Julien Sorel : Oui. Il y a quelqu'un, oui. Et vous ?

Mathilde de La Môle : Ah, moi, j'viens souvent ici. J'me promène. Je regarde les noms, les dates. Parfois il y a un médaillon, une épitaphe, on imagine plein de choses. Vous savez, j'me fiche complètement de c'que les gens pensent de moi. On vous a dit pourquoi je porte le deuil le dernier jour d'avril ?

Julien Sorel : Non.

Mathilde de La Môle : Je porte le deuil par amour. Par amour pour une forme d'amour qui n'existe plus. La Môle, mon ancêtre, et Margot, la reine de Navarre, ont bravé les lois, les convenances. Il s'est damné pour elle. Et comme elle n'avait rien à lui sacrifier, à part sa réputation, elle l'a aimé devant tout le monde. Ils ont fini par le tuer. Il avait vingt ans. A la seconde où il l'a rencontrée, il a su, il a su qu'elle serait son seul amour et qu'il en mourrait. A Marguerite, on avait dit, comme on dit aux princesses, qu'elle serait plus heureuse que les autres, à cause de sa naissance et aussi parce qu'elle était très belle. Mais c'était pour mieux l'enfermer. C'est à cause de ce genre de choses que les rois deviennent fous, ou qu'ils meurent d'ennui. Quand il est mort, elle est allée chez le bourreau. Elle a embrassé ses lèvres mortes, elle a entouré sa tête, son cou ensanglanté avec des linges et elle l'a emmené. Elle l'a enterré dans un endroit secret. Et tous les trente avril du mois, jusqu'à ce qu'elle meurt, elle est revenue. Je ne veux pas qu'on les oublie. J'admire cet amour parce qu'il est hasardeux, dangeureux, fougueux. Sinon ça vaut pas la peine de vivre, non ? Il y a ici une femme que vous aimez, que vous aimez encore ? Vous pouvez me le dire, vous savez, je sais garder un secret.
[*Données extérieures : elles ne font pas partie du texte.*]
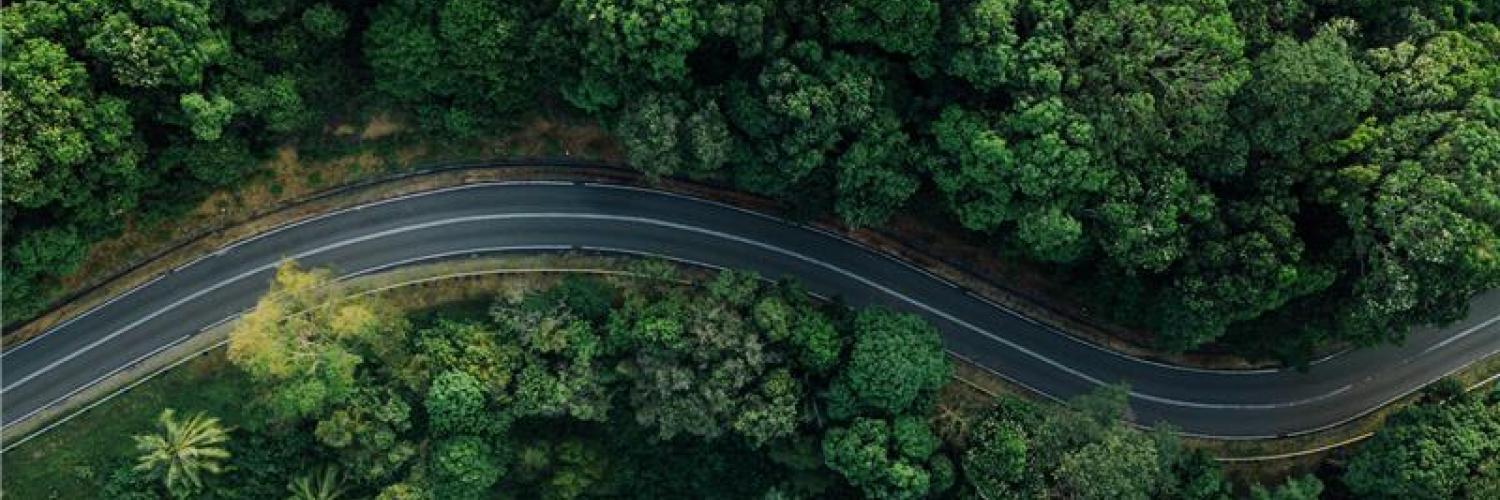 Route dans la forêt sans voiture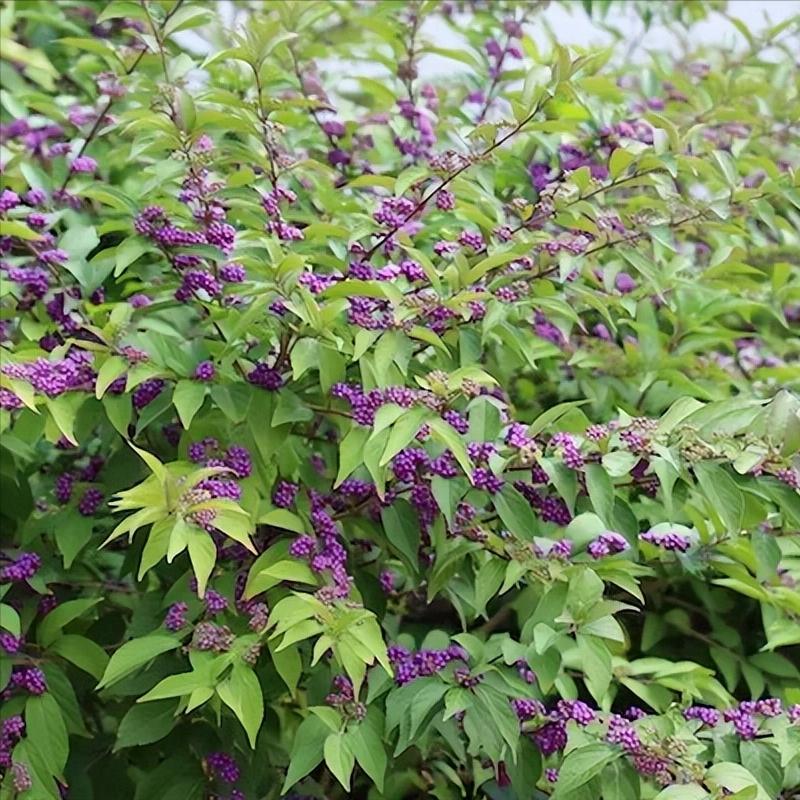 小庭院种植什么灌木好,适合阳台庭院灌木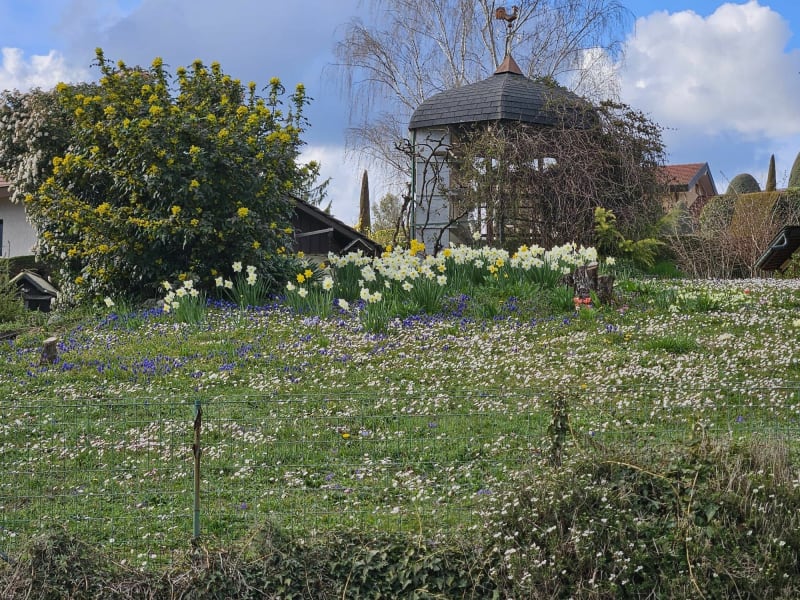 Tour sur les hauteurs de Saint-Gervais-d'Auvergne - Saint-Gervais-d'Auvergne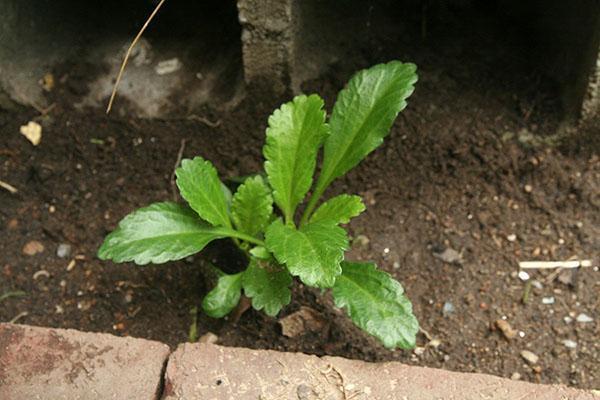 Plantar plántulas de manzanilla.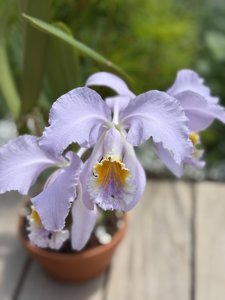 Cattleya mossiae var. coerulea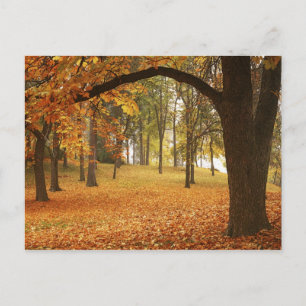 Carte Postale États-Unis, Washington, Spokane, Manito Park, Auto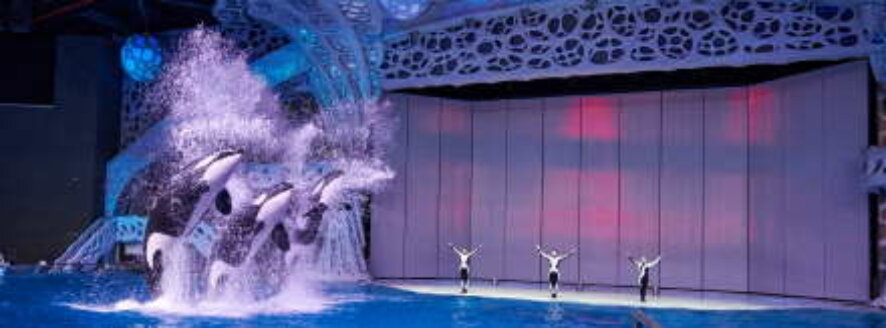 Премьерные показы «Шоу Воды» состоялись в «Москвариуме» на ВДНХ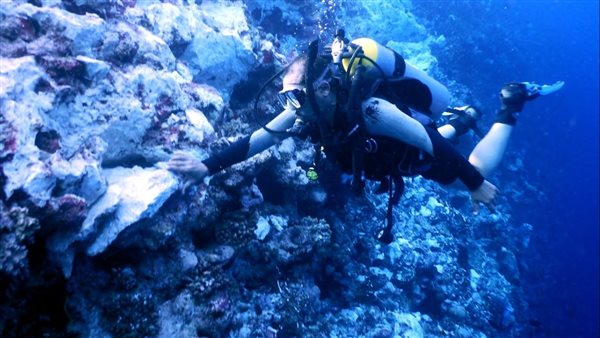 الشعاب المرجانية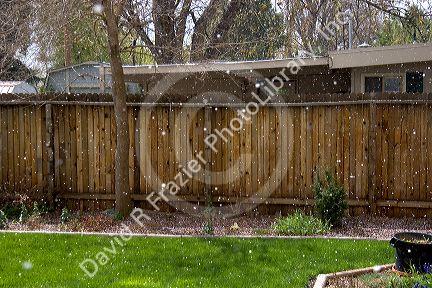 Hail falling from a spring storm in Boise, Idaho.
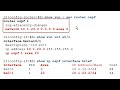 Each interface running OSPF needs to be assigned to an OSPF area. There are actually two ways to accomplish this. In this lesson we will look at the interfac...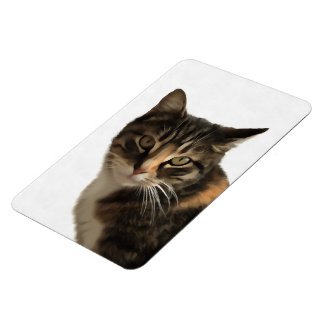 Tabby Cat Artistic Portrait On White Background Magnet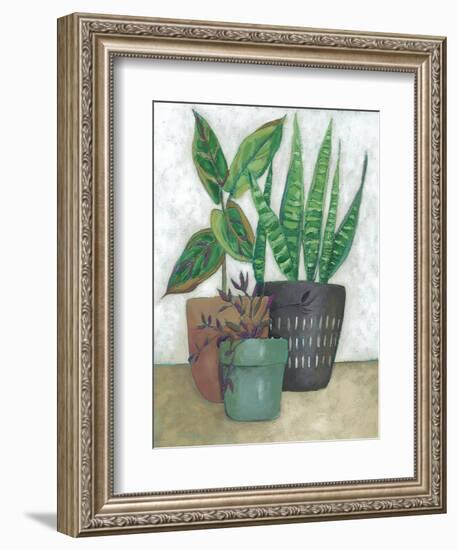 House Garden I-Chariklia Zarris-Framed Art Print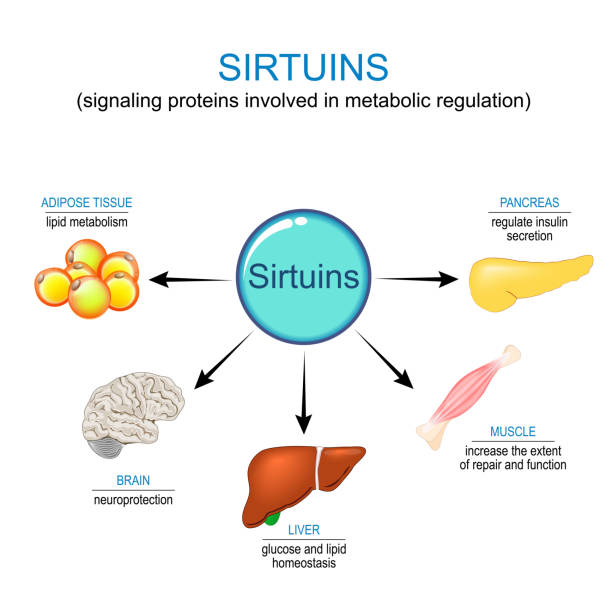 Sirtuins and anti-aging therapy vector art illustration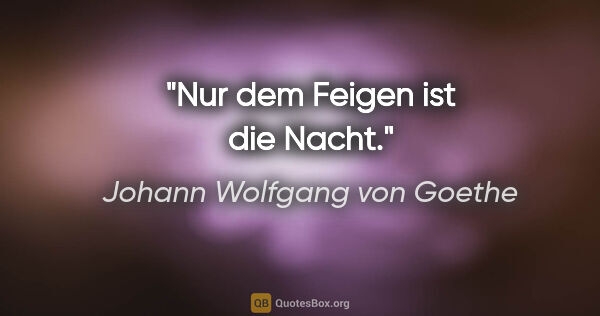 Johann Wolfgang von Goethe Zitat: "Nur dem Feigen ist die Nacht."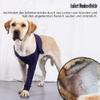 DONGKER Left Front Leg Sleeve for Dogs view 4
Julien Sorel : Non, pas une femme. J'étais sur la tombe du maréchal Ney. Pour vous, c'est un traître, mais pour moi, non. Ce n'est pas un traître.

Mathilde de La Môle : Oh non, pas lui. A l'époque, on mourait pour une idée, jamais pour une médaille.

Julien Sorel : Moi, il y a vingt ans, j'aurais pu mourir pour de l'espoir.

Mathilde de La Môle : L'espoir d'un monde meilleur ?

Julien Sorel : Vous êtes cynique.

Mathilde de La Môle : Vous êtes bien susceptible.

Julien Sorel : Non, non, je ne suis pas susceptible, je suis jaloux. Vous avez une liberté de parole, de goût que moi je ne connaîtrai sans doute jamais, hélas.

Mathilde de La Môle : Mais pourquoi ?

Julien Sorel : Mais parce que je suis pauvre. Parce que pas même une pensée n'est... pas même une pensée n'est gratuite quand on a les poches vides. Pardonnez-moi, je n'ai... je n'ai pas l'habitude de me livrer, de cette façon.

Mathilde de La Môle : Il y a beaucoup d'orgueil de parler de sa pauvreté à quelqu'un d'aussi riche que moi. Vous méprisez l'argent ?

Julien Sorel : Non, je méprise l'aigreur de ceux qui n'ont rien et l'arrogance de ceux qui ont tout.

Mathilde de La Môle : Vous êtes bien malheureux alors.

Julien Sorel : Et vous, non ?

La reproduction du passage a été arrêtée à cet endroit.